Mrishta Brizmohun Appayya1, Harbir Singh Sidhu2,3, Nikolaos Dikaios2, Edward William Johnston2,3, Lucy Simmons4, Alex Freeman5, Alex Kirkham3, Hashim Uddin Ahmed4, and Shonit Punwani2,3
1Department of Radiology, Erasme Hospital, Universite Libre de Bruxelles, Brussels, Belgium, 2Centre for Medical Imaging, University College of London, London, United Kingdom, 3Department of Radiology, University College London Hospital, London, United Kingdom, 4Division of Surgery and Interventional Science, University College London Hospital, London, United Kingdom, 5Department of Pathology, University College London Hospital, London, United Kingdom
Synopsis
Despite the strong potential of multi-parametric
MRI (mpMRI) in prostate cancer detection, 37% of prostate mp-MRI are Likert-scored
3/5, which are indeterminate for the presence of significant cancer. In this study, we assessed whether quantitative
analysis of PSA, gland volume, volume-adjusted PSA density, PIRADS rescoring of Likert 3/5
lesions and qualitative prostate mpMRI descriptors could better characterise equivocal
prostate lesions within the peripheral.

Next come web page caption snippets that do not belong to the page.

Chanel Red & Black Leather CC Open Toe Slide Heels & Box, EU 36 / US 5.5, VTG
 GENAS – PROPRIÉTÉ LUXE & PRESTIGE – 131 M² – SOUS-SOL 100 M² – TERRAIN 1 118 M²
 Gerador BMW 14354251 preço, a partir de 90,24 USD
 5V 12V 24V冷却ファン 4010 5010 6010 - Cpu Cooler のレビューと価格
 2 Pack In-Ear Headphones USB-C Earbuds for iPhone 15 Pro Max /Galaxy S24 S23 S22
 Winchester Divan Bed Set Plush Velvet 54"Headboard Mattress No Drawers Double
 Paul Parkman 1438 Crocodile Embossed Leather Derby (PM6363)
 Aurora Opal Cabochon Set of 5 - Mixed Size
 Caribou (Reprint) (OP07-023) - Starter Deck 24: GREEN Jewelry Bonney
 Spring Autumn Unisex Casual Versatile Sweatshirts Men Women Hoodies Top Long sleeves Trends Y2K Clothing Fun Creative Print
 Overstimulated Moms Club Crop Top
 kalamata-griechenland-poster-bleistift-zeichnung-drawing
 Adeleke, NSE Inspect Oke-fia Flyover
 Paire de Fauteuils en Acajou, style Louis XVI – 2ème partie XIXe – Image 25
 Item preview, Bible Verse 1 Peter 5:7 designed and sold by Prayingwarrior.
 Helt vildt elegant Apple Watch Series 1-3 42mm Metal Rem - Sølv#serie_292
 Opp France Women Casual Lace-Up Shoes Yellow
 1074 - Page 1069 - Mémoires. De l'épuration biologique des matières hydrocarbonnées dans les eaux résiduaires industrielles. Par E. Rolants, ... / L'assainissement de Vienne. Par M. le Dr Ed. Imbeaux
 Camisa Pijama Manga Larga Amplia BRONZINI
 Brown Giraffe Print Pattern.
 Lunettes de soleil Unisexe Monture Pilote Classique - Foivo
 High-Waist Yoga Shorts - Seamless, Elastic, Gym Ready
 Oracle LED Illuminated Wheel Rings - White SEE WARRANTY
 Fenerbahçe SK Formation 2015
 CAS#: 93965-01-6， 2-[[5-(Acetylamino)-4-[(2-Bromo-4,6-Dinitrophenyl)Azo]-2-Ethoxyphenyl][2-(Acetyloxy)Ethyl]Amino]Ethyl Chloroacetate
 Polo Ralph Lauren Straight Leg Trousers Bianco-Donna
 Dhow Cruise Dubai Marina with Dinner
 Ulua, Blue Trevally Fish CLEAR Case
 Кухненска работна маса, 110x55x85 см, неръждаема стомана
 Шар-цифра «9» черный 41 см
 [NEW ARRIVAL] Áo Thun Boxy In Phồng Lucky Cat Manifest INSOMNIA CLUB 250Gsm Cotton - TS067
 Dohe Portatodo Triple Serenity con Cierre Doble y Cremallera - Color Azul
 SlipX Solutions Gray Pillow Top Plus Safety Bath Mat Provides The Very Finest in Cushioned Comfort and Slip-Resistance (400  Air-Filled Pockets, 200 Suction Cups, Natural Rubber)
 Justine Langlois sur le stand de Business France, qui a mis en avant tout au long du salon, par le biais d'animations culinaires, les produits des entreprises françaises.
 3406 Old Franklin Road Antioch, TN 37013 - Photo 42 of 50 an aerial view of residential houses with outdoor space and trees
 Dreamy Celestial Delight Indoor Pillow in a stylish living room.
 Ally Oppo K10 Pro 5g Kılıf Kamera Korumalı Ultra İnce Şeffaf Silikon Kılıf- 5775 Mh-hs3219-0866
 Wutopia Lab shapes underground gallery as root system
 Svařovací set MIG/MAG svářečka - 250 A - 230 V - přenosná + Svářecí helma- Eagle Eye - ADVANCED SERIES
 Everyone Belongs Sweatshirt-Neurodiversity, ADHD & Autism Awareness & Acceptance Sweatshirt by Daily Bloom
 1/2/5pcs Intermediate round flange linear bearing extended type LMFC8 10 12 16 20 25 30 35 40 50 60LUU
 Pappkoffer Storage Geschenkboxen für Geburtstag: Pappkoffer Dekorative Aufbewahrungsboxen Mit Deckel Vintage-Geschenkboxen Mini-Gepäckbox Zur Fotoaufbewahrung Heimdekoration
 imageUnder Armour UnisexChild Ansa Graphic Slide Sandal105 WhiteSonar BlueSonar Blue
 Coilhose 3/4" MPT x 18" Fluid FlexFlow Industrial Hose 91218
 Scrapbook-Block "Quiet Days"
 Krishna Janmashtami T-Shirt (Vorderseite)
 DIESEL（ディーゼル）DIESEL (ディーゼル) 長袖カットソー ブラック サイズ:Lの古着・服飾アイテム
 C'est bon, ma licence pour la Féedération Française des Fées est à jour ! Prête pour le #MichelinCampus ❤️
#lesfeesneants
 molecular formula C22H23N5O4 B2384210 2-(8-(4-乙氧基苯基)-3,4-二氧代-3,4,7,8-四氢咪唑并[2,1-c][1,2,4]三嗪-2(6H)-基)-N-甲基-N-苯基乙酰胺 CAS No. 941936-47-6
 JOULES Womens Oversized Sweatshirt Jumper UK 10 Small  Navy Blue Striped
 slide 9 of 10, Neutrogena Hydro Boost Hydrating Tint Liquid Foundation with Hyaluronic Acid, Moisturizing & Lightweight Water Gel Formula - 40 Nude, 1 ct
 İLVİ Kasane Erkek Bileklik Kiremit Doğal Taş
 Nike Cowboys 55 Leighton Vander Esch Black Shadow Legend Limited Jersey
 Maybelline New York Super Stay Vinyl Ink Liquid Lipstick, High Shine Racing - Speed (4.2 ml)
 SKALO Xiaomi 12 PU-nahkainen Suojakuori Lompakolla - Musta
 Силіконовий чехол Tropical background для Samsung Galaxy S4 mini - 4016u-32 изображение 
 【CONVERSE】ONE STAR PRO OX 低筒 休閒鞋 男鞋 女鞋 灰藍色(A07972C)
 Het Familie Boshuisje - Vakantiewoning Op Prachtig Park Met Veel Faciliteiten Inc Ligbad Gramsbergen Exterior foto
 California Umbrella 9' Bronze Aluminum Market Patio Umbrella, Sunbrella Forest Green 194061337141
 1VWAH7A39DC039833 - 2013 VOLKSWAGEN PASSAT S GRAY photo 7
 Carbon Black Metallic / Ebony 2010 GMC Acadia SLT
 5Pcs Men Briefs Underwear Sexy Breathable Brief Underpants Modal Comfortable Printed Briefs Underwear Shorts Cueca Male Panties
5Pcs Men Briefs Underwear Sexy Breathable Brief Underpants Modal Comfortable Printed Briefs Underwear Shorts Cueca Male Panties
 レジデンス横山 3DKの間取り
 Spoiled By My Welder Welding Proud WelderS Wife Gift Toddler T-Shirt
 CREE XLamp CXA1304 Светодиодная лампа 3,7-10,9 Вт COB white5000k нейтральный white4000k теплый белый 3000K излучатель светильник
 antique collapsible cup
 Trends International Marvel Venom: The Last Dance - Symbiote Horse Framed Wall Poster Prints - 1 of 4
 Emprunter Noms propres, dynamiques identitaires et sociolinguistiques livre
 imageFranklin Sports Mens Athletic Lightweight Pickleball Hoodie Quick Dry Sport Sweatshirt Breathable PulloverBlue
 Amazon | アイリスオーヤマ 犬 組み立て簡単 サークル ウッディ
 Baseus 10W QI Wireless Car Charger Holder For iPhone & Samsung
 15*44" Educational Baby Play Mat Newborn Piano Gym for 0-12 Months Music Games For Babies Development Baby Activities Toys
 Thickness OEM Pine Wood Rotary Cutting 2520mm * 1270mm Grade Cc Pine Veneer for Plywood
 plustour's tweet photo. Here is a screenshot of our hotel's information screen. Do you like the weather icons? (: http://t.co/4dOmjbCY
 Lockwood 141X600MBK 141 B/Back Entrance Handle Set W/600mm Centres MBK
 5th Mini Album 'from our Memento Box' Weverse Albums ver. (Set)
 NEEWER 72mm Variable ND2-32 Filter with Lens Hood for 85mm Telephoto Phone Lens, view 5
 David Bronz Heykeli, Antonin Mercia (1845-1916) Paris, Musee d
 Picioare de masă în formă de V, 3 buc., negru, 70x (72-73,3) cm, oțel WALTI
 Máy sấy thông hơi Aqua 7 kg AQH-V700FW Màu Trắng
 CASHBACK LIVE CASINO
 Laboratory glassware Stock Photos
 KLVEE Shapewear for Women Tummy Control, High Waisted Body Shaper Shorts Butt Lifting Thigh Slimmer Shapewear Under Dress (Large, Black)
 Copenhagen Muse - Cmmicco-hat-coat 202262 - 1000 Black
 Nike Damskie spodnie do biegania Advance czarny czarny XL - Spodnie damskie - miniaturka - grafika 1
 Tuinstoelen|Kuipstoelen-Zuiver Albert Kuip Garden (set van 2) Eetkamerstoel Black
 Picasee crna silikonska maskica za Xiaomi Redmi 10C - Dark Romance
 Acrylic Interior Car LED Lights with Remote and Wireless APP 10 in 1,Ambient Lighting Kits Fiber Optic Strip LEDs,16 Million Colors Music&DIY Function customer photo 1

We found that discontinuous signal
changes on qualitative mpMRI were associated with clinically non-significant
cancer; PIRADS rescoring did not appropriately categorise patients with clinically
significant cancer. Conversely, PSA density was the most statistically
significant discriminator (p=0.0040).Purpose
The main aim
of this study is to characterize the indeterminate Likert-scored 3/5 lesions within the peripheral zone (PZ) of
the prostate on mpMRI by (i) quantitative analysis of serum Prostate-Specific
Antigen (PSA), prostate gland volume and PSA density, (ii) the application of
the latest PIRADS scoring system to the Likert-scored 3/5 lesions, and (iii) qualitative
mpMRI morphological descriptors.
Methods
Study population: 330 men enrolled in the PICTURE study 1 underwent mpMRI of the prostate which were
all prospectively scored on a Likert scale by a radiologist (Reader A) with 8
years of experience blinded to histopathological results. Inclusion criteria: Patients with a score of 3/5 within the PZ, on
prostate mpMRI (T2, DWI with b2000 weighted imaging, ADC map and DCE) at 3T
with a pelvic-phased array coil and
in whom twenty-zone trans-perineal template prostate mapping biopsy 2,3 combined to any additional MRI-targeted
index lesion biopsies were performed. This was our standard reference test. The
exclusion criteria are illustrated
in Figure 1. The presence of any Gleason 4 pattern or higher (Gleason ≥7), in
the PZ was considered as clinically significant 4.
PSA
density was calculated by
the quotient of serum PSA over the MRI-calculated whole gland volume 5.
PIRADS
rescoring: A second radiologist
(Reader B), with 4 years of experience retrospectively read and re-scored the
previously reported Likert 3/5 PZ lesions from Reader A, by using the latest
version of PIRADS_v2 6, blinded to histopathology.
Qualitative
mpMRI assessment:
Reader B also qualitatively assessed the
Likert 3/5 scored PZ by using the following morphological criteria: (i) focal –
when it occupied <50% of the slice on which it was best seen, (ii) diffuse
continuous – when it occupied >50% of the gland in an uninterrupted fashion
(iii) diffuse discontinuous – when prostate lesions were interspersed by normal
prostate tissue on >50% of the slice.
Statistics
Mann-Whitney test for unpaired data was used to compare the medians of PSA, gland volume and PSA density between the significant and non-significant cancer group. P-value significance of 0.05 was used. Descriptive statistics were used for PIRADS rescoring and qualitative mpMRI assessment. GraphPad statistical software was used for analysis.
Results
118 of 319 men (37%) had their prostate mpMRI prospectively scored 3/5 (3% [11/319] TZ, 34% [107/319] PZ). Their median age and median PSA were respectively 61 years
(interquartile range, IQR [57-66]) and 7.25 ng/dl (IQR [5.03-10.6]).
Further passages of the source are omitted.